On Tue, 2023-04-04 at 18:02 -0700, Sathyanarayanan Kuppuswamy wrote:
On 3/27/23 9:02 PM, Huang, Kai wrote:
On Mon, 2023-03-27 at 19:50 -0700, Sathyanarayanan Kuppuswamy wrote:
Hi Kai,
On 3/27/23 7:38 PM, Huang, Kai wrote:
+/* Reserve an IRQ from x86_vector_domain for TD event notification */ +static int __init tdx_event_irq_init(void) +{
- struct irq_alloc_info info;
- cpumask_t saved_cpumask;
- struct irq_cfg *cfg;
- int cpu, irq;
- if (!cpu_feature_enabled(X86_FEATURE_TDX_GUEST))
return 0;
- init_irq_alloc_info(&info, NULL);
- /*
* Event notification vector will be delivered to the CPU
* in which TDVMCALL_SETUP_NOTIFY_INTR hypercall is requested.
* So set the IRQ affinity to the current CPU.
*/
- cpu = get_cpu();
- cpumask_copy(&saved_cpumask, current->cpus_ptr);
- info.mask = cpumask_of(cpu);
- put_cpu();
The 'saved_cpumask' related code is ugly. If you move put_cpu() to the end of this function, I think you can remove all related code:
cpu = get_cpu();
/* * Set @info->mask to local cpu to make sure a valid vector is * pre-allocated when TDX event notification IRQ is allocated * from x86_vector_domain. */ init_irq_alloc_info(&info, cpumask_of(cpu));
// rest staff: request_irq(), hypercall ...
put_cpu();
init_irq_alloc_info() is a sleeping function. Since get_cpu() disables preemption, we cannot call sleeping function after it. Initially, I have implemented it like you have mentioned. However, I discovered the following error.
Oh sorry I forgot this. So I think we should use migrate_disable() instead:
migrate_disable();
init_irq_alloc_info(&info, cpumask_of(smp_processor_id()));
...
migrate_enable();
Or, should we just use early_initcall() so that only BSP is running? IMHO it's OK to always allocate the vector from BSP.
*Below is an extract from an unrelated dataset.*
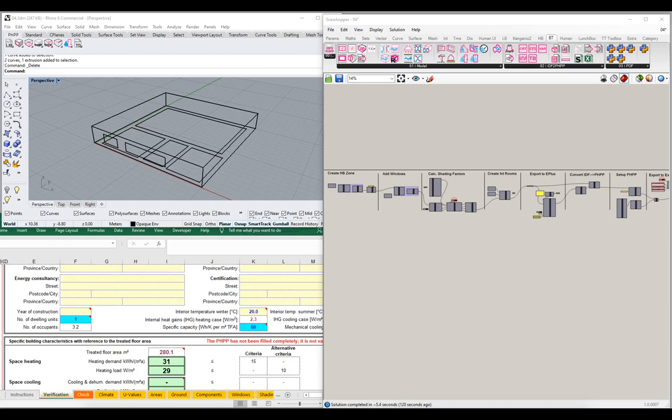Hello! Welcome back to the next installment in our series of video tutorials on the introduction to the IDF2PH toolkit. My name is Ed May with BuildingType and glad to have you back with us. We're going to pick up right where we left off, continuing to develop our project and building out some additional detail, showing features of the IDF2PH toolkit as we go.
Anyway, either way is fine to me.
Final version looks like below.
static int __init tdx_event_irq_init(void) { struct irq_alloc_info info; struct irq_cfg *cfg; int irq;
if (!cpu_feature_enabled(X86_FEATURE_TDX_GUEST)) return 0; init_irq_alloc_info(&info, NULL); /* * Event notification vector will be delivered to the CPU * in which TDVMCALL_SETUP_NOTIFY_INTR hypercall is requested. * So set the IRQ affinity to the current CPU. */ info.mask = cpumask_of(0); irq = irq_domain_alloc_irqs(x86_vector_domain, 1, cpu_to_node(0), &info); if (irq <= 0) { pr_err("Event notification IRQ allocation failed %d\n", irq); return -EIO; } irq_set_handler(irq, handle_edge_irq); /* Since the IRQ affinity is set, it cannot be balanced */ if (request_irq(irq, tdx_event_irq_handler, IRQF_NOBALANCING, "tdx_event_irq", NULL)) { pr_err("Event notification IRQ request failed\n"); goto err_free_domain_irqs; } cfg = irq_cfg(irq); /* * Since tdx_event_irq_init() is triggered via early_initcall(), * it will called before secondary CPUs bringup. Since there is * only one CPU, it complies with the requirement of executing * the TDVMCALL_SETUP_NOTIFY_INTR hypercall on the same CPU where * the IRQ vector is allocated. * * Register callback vector address with VMM. More details * about the ABI can be found in TDX Guest-Host-Communication * Interface (GHCI), sec titled * "TDG.VP.VMCALL<SetupEventNotifyInterrupt>". */ if (_tdx_hypercall(TDVMCALL_SETUP_NOTIFY_INTR, cfg->vector, 0, 0, 0)) { pr_err("Event notification hypercall failed\n"); goto err_free_irqs; } tdx_event_irq = irq; return 0;
err_free_irqs: free_irq(irq, NULL); err_free_domain_irqs: irq_domain_free_irqs(irq, 1);
return -EIO;
} early_initcall(tdx_event_irq_init)
I found there's another series also doing similar thing, and it seems Thomas wasn't happy about using x86_vector_domain directly:
https://lore.kernel.org/lkml/877cv99k0y.ffs@tglx/
An alternative was also posted (creating IRQ domain on top of x86_vector_domain):
https://lore.kernel.org/lkml/20230328182933.GA1403032@vm02.guest.corp.micros...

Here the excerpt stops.